Introduction to carbohydrates | High school biology | Khan Academy
What we're going to do in this video is give ourselves a quick introduction to carbohydrates. You might already be familiar with the notion if you look at some packaged food. There's usually a nutritional label, and it'll say carbohydrates; it'll tell you a certain number of grams per serving. Not all carbohydrates are edible, but many of the things that we eat or many carbohydrates are edible, and many of the foods we eat have some carbohydrate component to it.
But what's actually what is it actually? Well, we could look at the word, and we see carbo, so maybe it has something to do with carbons. And it says hydrates, so maybe it has something to do with water. If you said that, you'd be pretty close because carbohydrates do involve carbons. In fact, this is a very typical carbohydrate, a very simple one right over here. This is a glucose molecule, and in gray, you see that it has six carbons. The hydrate part refers to that carbohydrates typically have oxygen to hydrogens in the same ratio as you would expect in water. So for every one oxygen, two hydrogens.

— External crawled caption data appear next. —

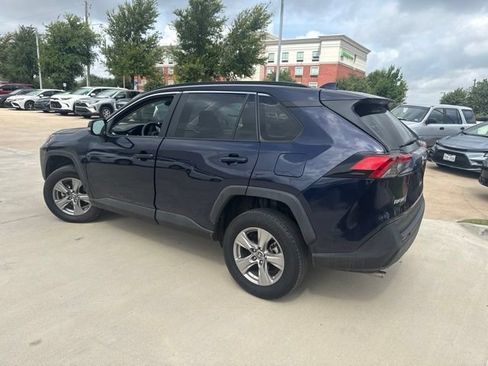 Used 2025 Toyota RAV4 XLE FWD image 5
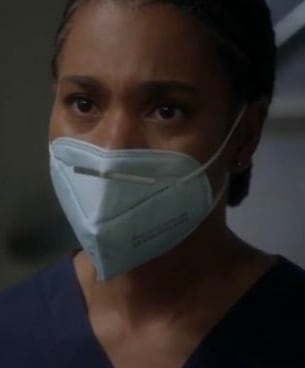 Worried Sister  - Grey's Anatomy Season 17 Episode 3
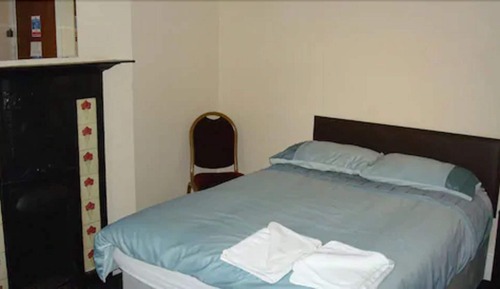 Habitación económica doble, baño compartido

And you see that right over here where in glucose you have one, two, three, four, five, six oxygens, and you have twelve hydrogens. And so this, that's where this word comes from. Now, another word that is often used interchangeably with carbohydrates is the term saccharide. Saccharide comes from Greek for sweet, and that makes sense because if you were to taste glucose, it would taste sweet to you.

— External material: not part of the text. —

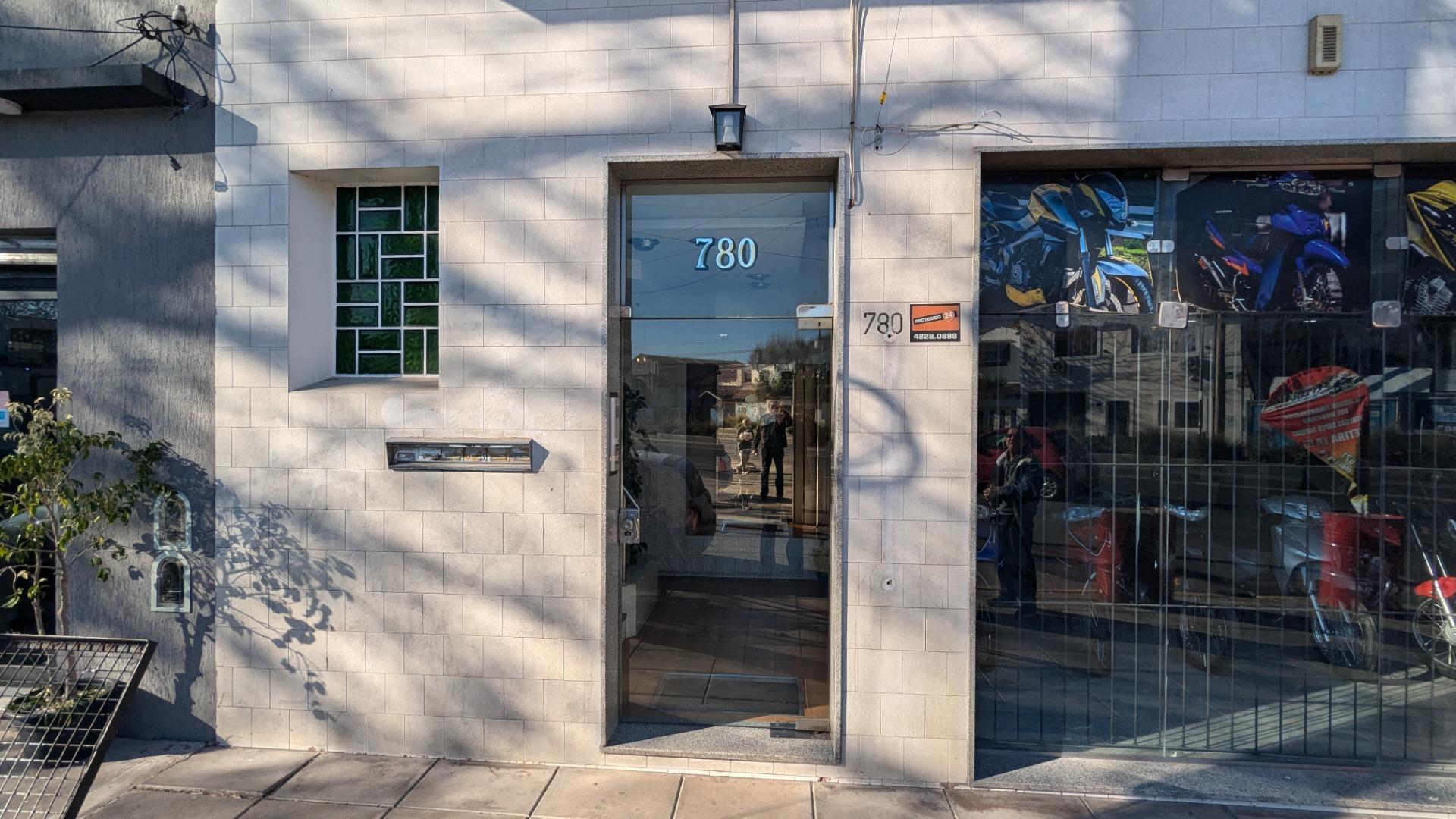 HIPOLITO YRIGOYEN 10514 , Piso 1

Now, what's interesting about something like glucose is glucose can be a standalone molecule, a very simple sugar in this case, or you can build up larger molecules with really glucose as a building block. So for example, right over here, we have a part of a glycogen molecule, and you can see it's just a repeating sequence of glucose molecules. And so something like this we would call glucose a monosaccharide; it's one simple sugar right over here, monosaccharide.
We would call this glycogen a polysaccharide. Poly; polysaccharide. Another way to think about it is glucose is the building block for the glycogen. Another term you might see is monomer and polymer. Those are the general terms of if I'm building a large molecule out of a chain of smaller ones, the building blocks we would consider to be monomers, and then the thing that we build out of those monomers could be our polymer.
As we'll see, this monomer-polymer phenomenon is not limited to carbohydrates or saccharides. We're going to see that same relationship, for example, between amino acids and proteins. Now, what role do carbohydrates play inside of biological systems? Well, saccharides or carbohydrates are often associated with a source of energy. Glucose can be converted very quickly to energy in biological cells.
Glycogen is also a store of energy in your liver and your muscles, and once again, it can be broken down into the glucose molecules, which once again is a very readily available source of energy. Now in plants, especially, some of these polysaccharides could also play a structural role if we're talking about things like cellulose, which is another polysaccharide.
So, there's also a structural role. Now I will leave you there. We have focused only on one type of monosaccharide in glucose and only on one type of polysaccharide in glycogen. As we will see, glucose does show up a lot, but there are many other types of monosaccharides, and there are many other types of polysaccharides.
Polysaccharides, in particular, are part of a broader group of molecules known as macromolecules. As you can imagine from the macro prefix, it's referring to large molecules oftentimes that have thousands of atoms in them. But don't get the wrong idea. They're very large at an atomic level, but each of these circles are still atoms, so you would still need a very, very, very, very powerful microscope to even take a look at even some of the largest macromolecules, including polysaccharides.